## [What to produce]
Word for word, reproduce all entries below, leaving every picture out.
▬▬▬▬▬▬▬▬▬▬
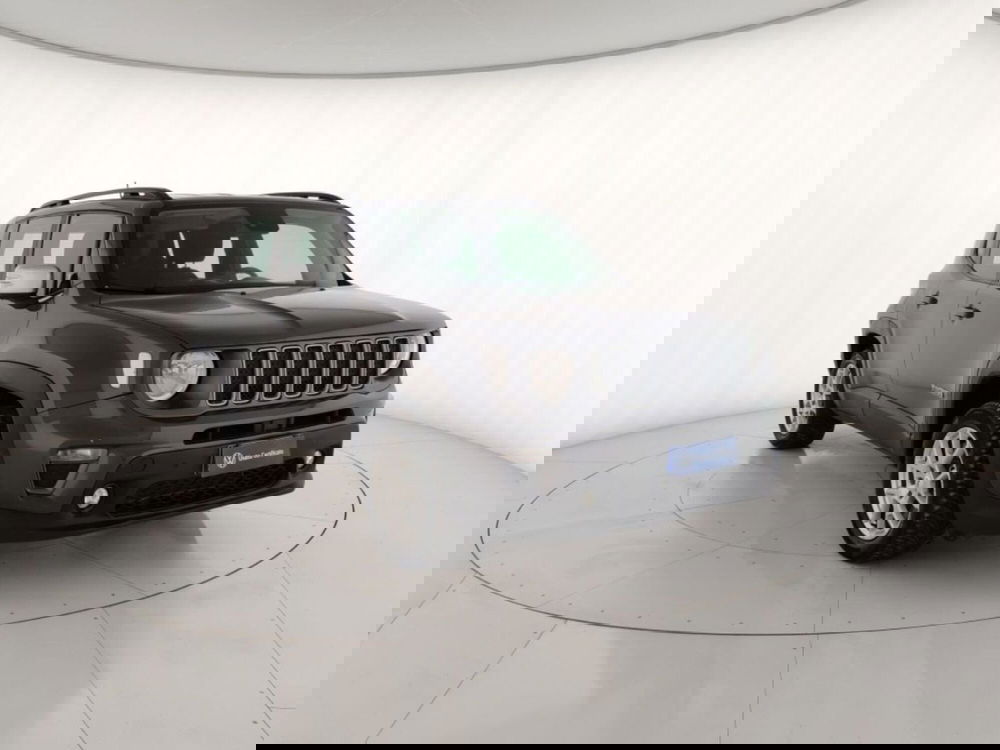 Jeep Renegade usata a Massa-Carrara (4)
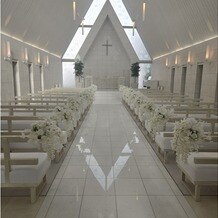 品川プリンスホテルの写真｜挙式会場｜2025-09-26 20:21:36.0おいさん投稿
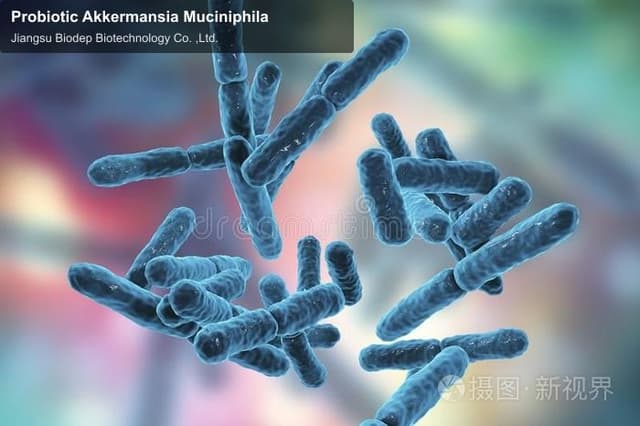 Probiotic Akkermansia Muciniphila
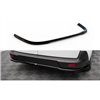 Maxton - Arriere Splitter Ford Transit Connect Mk2 Facelift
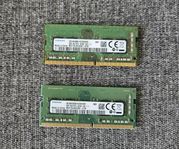 Samsung (2x8GB) Ram DDR4 2666MHZ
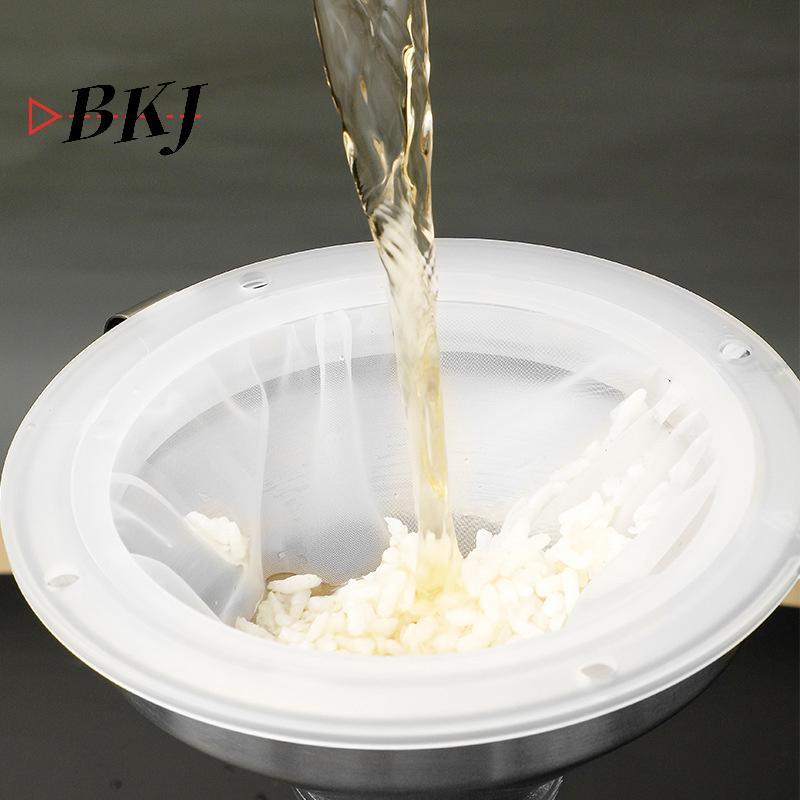 [KJ] Phễu lọc Nylon lưới 100 / 120 / 200 / 300 / 400 / 450 [Mới]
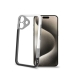 Custodia per Cellulare Celly  IPHONE 16 Bianco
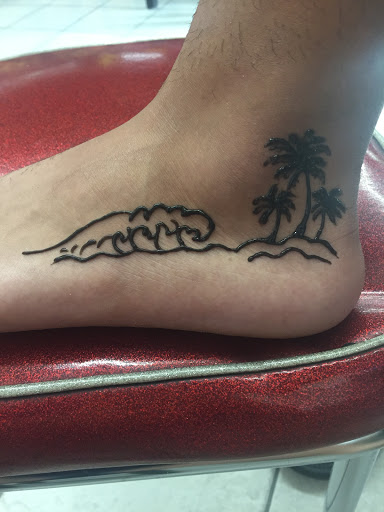 Explore tattoo.ideas men, creative tattoo ideas in South Padre Island, available at Peggys Temporary & Permanent Tattoos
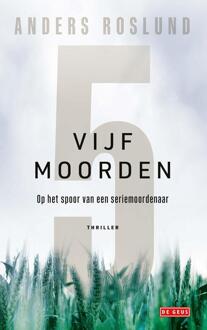 Vijf moorden -  Anders Roslund & Börge Hellström (ISBN: 9789044549577)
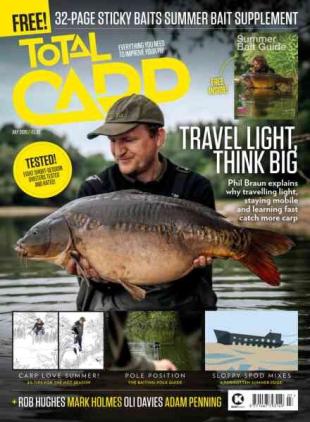 Total Carp - July 2026
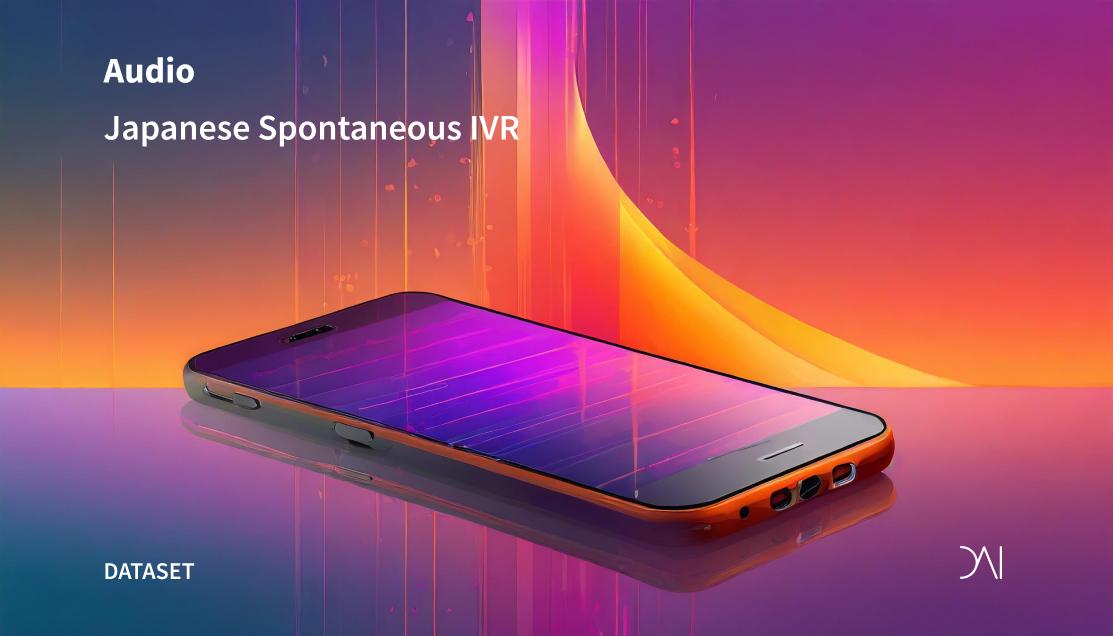 Japanese Spontaneous IVR
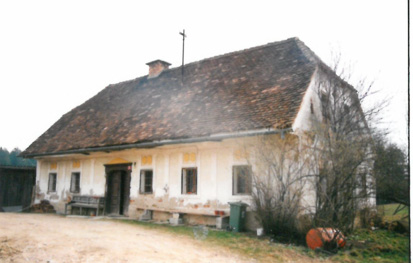 Brezova - Hiša Brezova 41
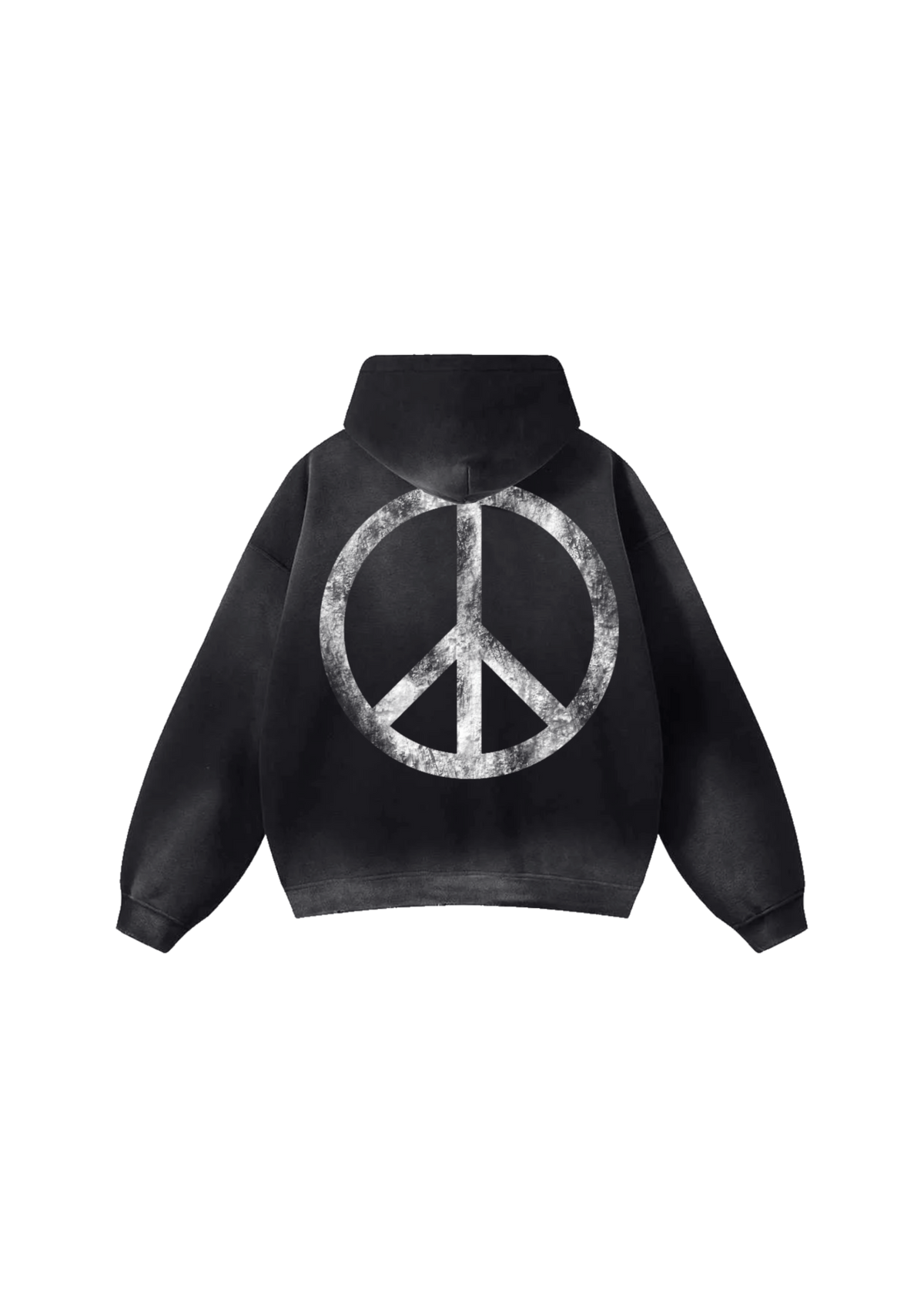 Vandals Peace Hoodie - Black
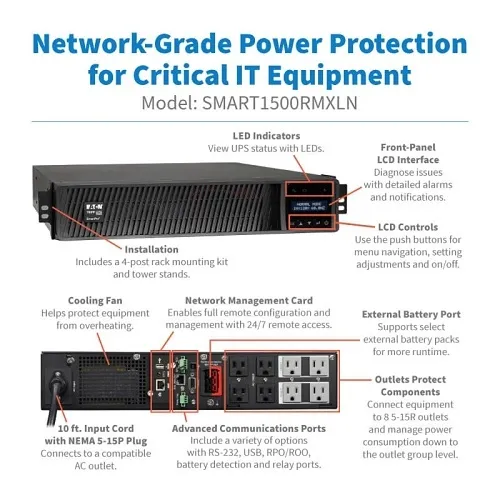 Image of TC-S1500RMXL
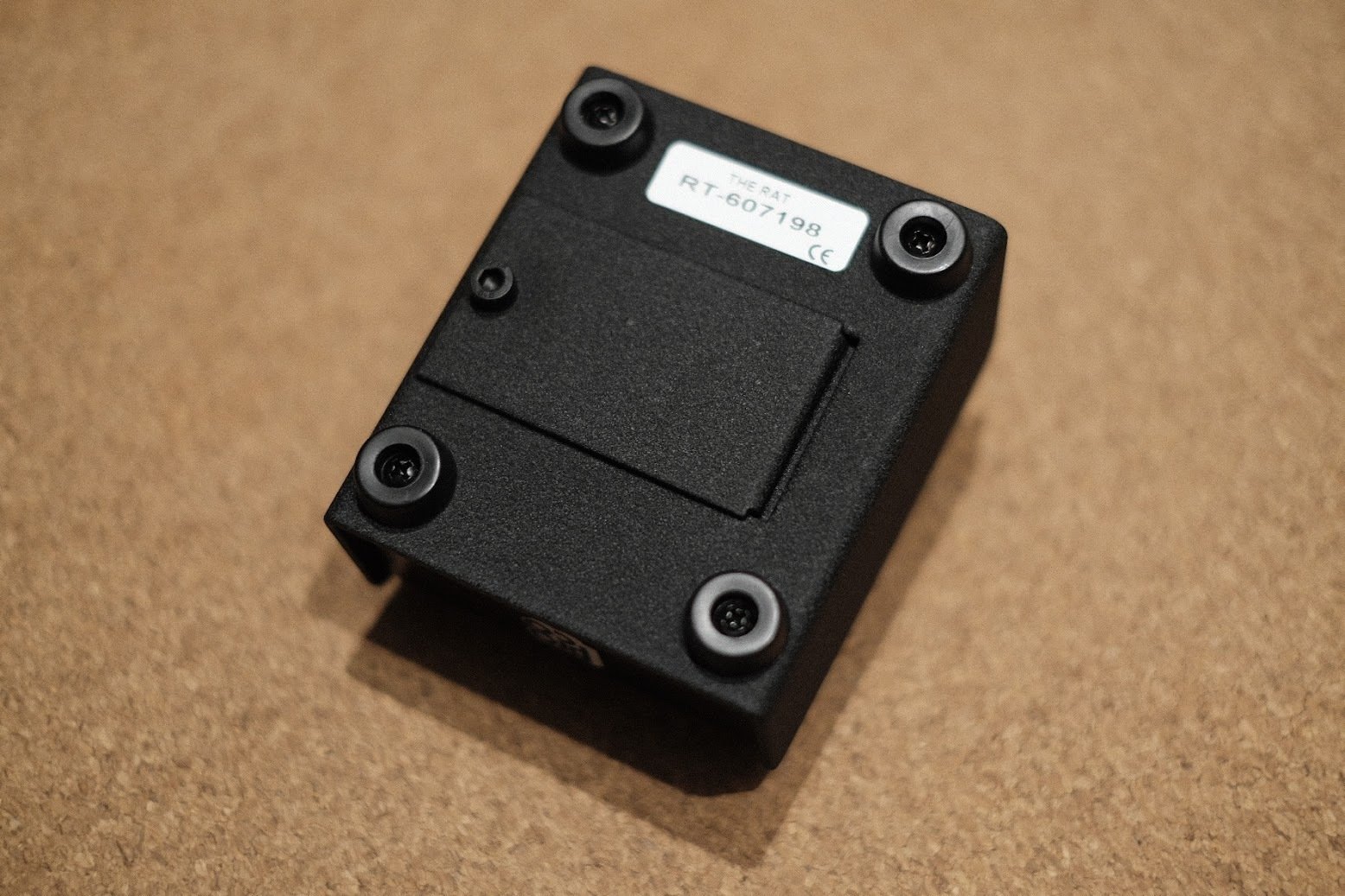 RAT」を商売道具にしたいのだ：PROCO RAT2 が最高だった話｜chii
▬▬▬▬▬▬▬▬▬▬
## [Answer section]
 Jeep Renegade usata a Massa-Carrara (4)
 品川プリンスホテルの写真｜挙式会場｜2025-09-26 20:21:36.0おいさん投稿
 Probiotic Akkermansia Muciniphila
 Maxton - Arriere Splitter Ford Transit Connect Mk2 Facelift
 Samsung (2x8GB) Ram DDR4 2666MHZ
 [KJ] Phễu lọc Nylon lưới 100 / 120 / 200 / 300 / 400 / 450 [Mới]
 Custodia per Cellulare Celly  IPHONE 16 Bianco
 Explore tattoo.ideas men, creative tattoo ideas in South Padre Island, available at Peggys Temporary & Permanent Tattoos
 Vijf moorden -  Anders Roslund & Börge Hellström (ISBN: 9789044549577)
 Total Carp - July 2026
 Japanese Spontaneous IVR
 Brezova - Hiša Brezova 41
 Vandals Peace Hoodie - Black
 Image of TC-S1500RMXL
 RAT」を商売道具にしたいのだ：PROCO RAT2 が最高だった話｜chii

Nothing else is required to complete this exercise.